Ok lets pause for a second and look at exactly what a partial derivative is.

Lets take a function of two variables \(f(x, y)\) We can define a derivative for \(f(x, y)\) in \(x\) by saying that it is the derisive of \(f(x, y)\) when holding \(y\) constant (we could do the same with respect to \(y\) holding \(x\) constant). We write this \(\frac{\partial f}{\partial x}\) the partial derivative of \(f(x, y)\) with respect to \(x\). Similarly \(\frac{\partial f}{\partial y}\). Formally this is \[ \frac{\partial f}{\partial x}=\lim _{\Delta x \rightarrow 0} \frac{f(x+\Delta x, y)-f(x, y)}{\Delta x} \]

and similarly for \(\frac{\partial f}{\partial y}\). You may also see partials written as \(\left(\frac{\partial f}{\partial x}\right)_{y}\) would indicate \(y\) is held constant.

8.2 Total differential and total derivative

Suppose we make small changes in \(x\) and \(y\) \[ \begin{aligned} \Delta f &=f(x+\Delta x, y+\Delta y)-f(x, y) \\ &= \left[\frac{f(x+\Delta x, y+\Delta y)-f(x, y+\Delta y)}{ \Delta x}\right] \Delta x+\left[\frac{f(x+\Delta x, y + \Delta y)-f(x+\Delta x, y)}{\Delta y}\right]\Delta y\\ \Delta f &\approx \frac{\partial f(x, y)}{\partial x} \Delta x+\frac{\partial f(x, y)}{\partial y} \Delta y \end{aligned} \]

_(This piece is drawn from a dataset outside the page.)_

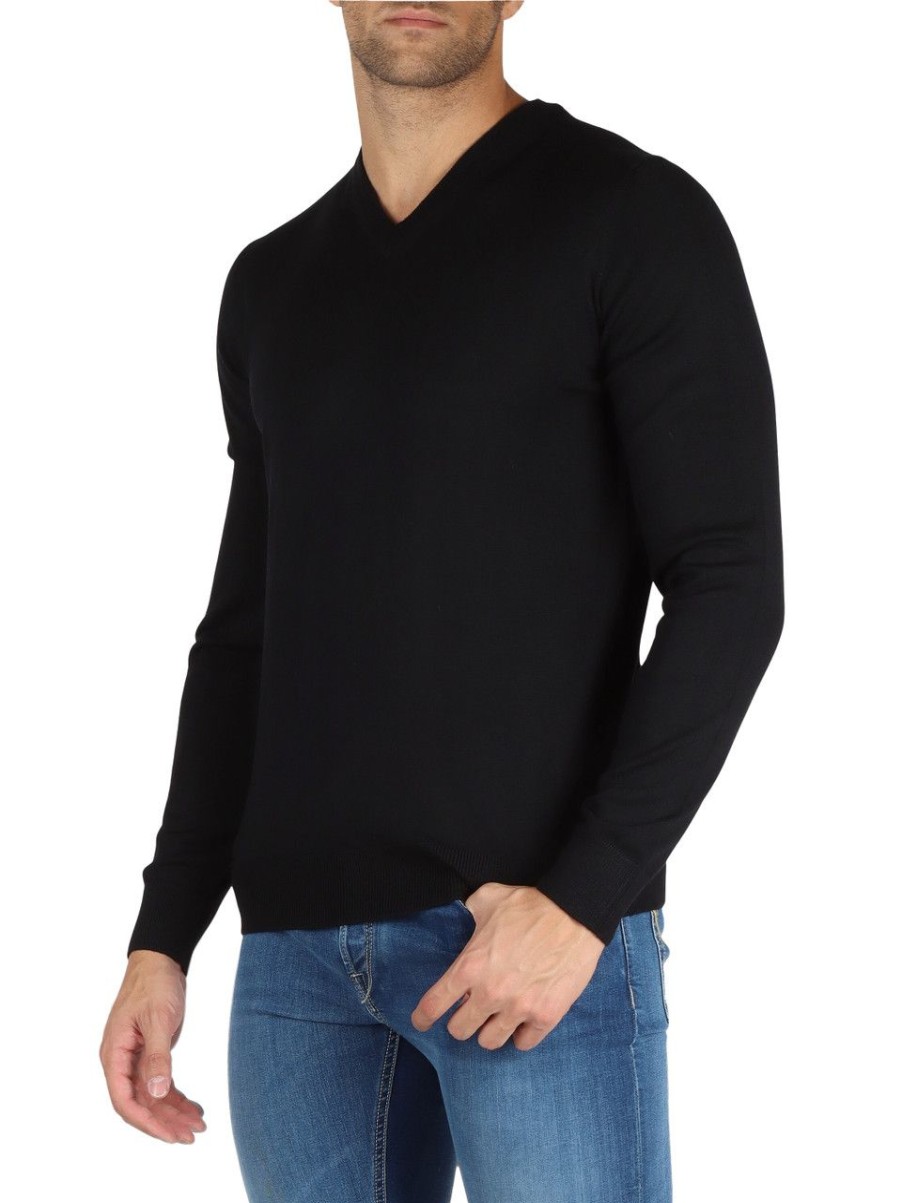 Uomo ALPHA STUDIO | Maglia Slim Fit In Lana Merinos Extrafine Nero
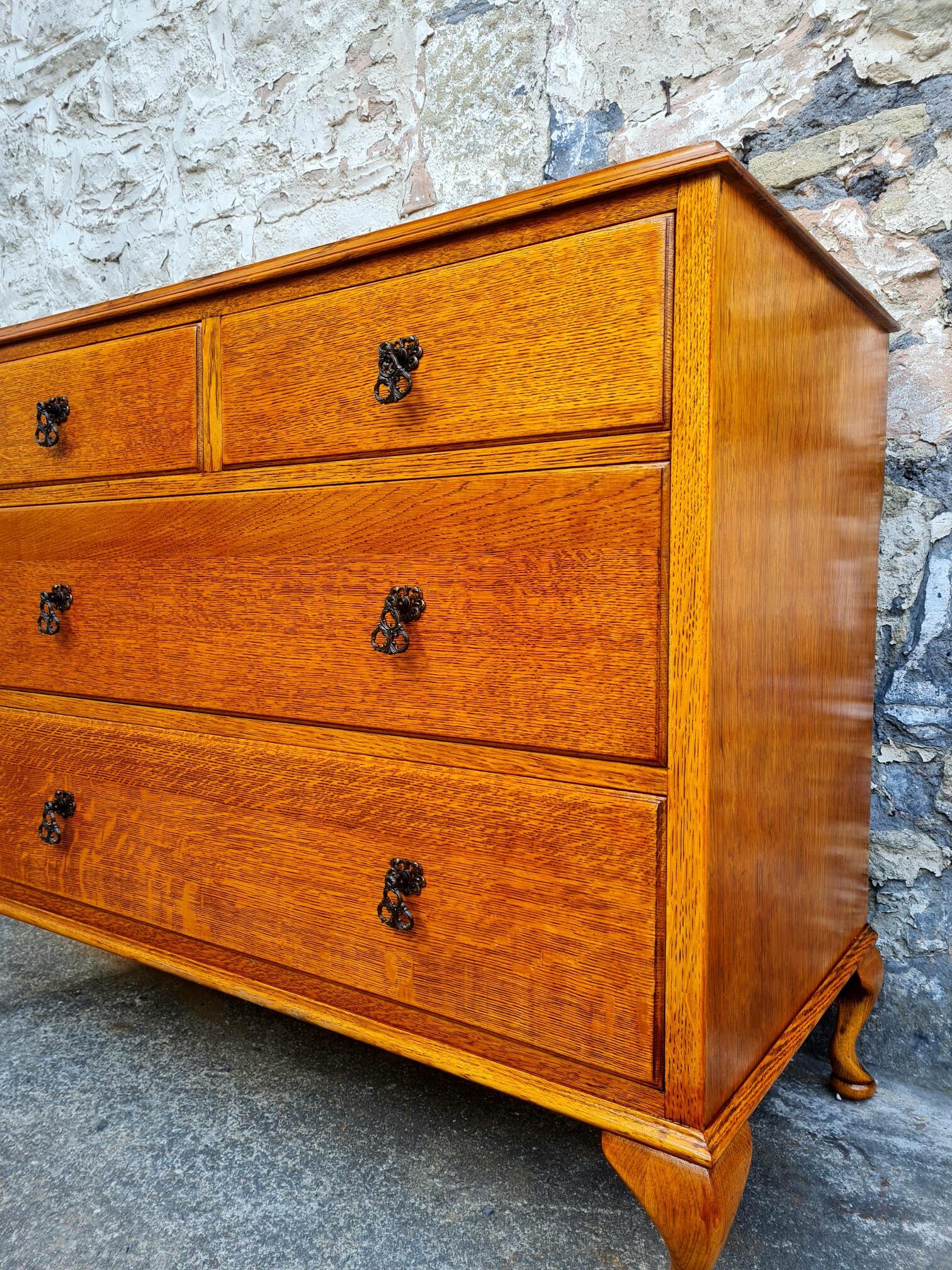 Vintage Chest Of Drawers Four Drawer Oak Cabinet Super Proportions Lovely Detailing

\(\Delta x+\Delta y \rightarrow 0\) we get the ‘total differential’ \[ d f=\frac{\partial f(x, y)}{\partial x} d x+\frac{\partial f(x, y)}{\partial y} d y \]

this can he extended to \[ d f=\frac{\partial f}{\partial x_{1}} d x_{1}+\frac{\partial f}{\partial x_{2}} d x_{2}+\frac{\partial f}{\partial x_{3}} d x_{3}+\cdots \frac{\partial f}{\partial x_{n}} d x_{n} \]

Returning back to our original work \[ \nabla \phi \cdot d \mathbf{r}=\frac{\partial \phi}{\partial x} d x+\frac{\partial \phi}{\partial y} d y+\frac{\partial \phi}{\partial z} d z \] the right hand side is the total differential in \(\phi\).

Now lets consider \(x\) and \(y\) are functions of \(u\) \[ \begin{aligned} & d f=\frac{\partial f}{\partial x} d x+\frac{\partial f}{\partial y} d y \\ & \frac{d f}{d u}=\frac{\partial f}{\partial x} \frac{d x}{d u}+\frac{\partial f}{\partial y} \frac{d y}{d y} \\ & \frac{d f}{d u}=\sum_{i=1}^{n} \frac{\partial f}{\partial x_{i}} \frac{d x_{i}}{d u} \end{aligned} \]

Chain Rule for partial differentiation.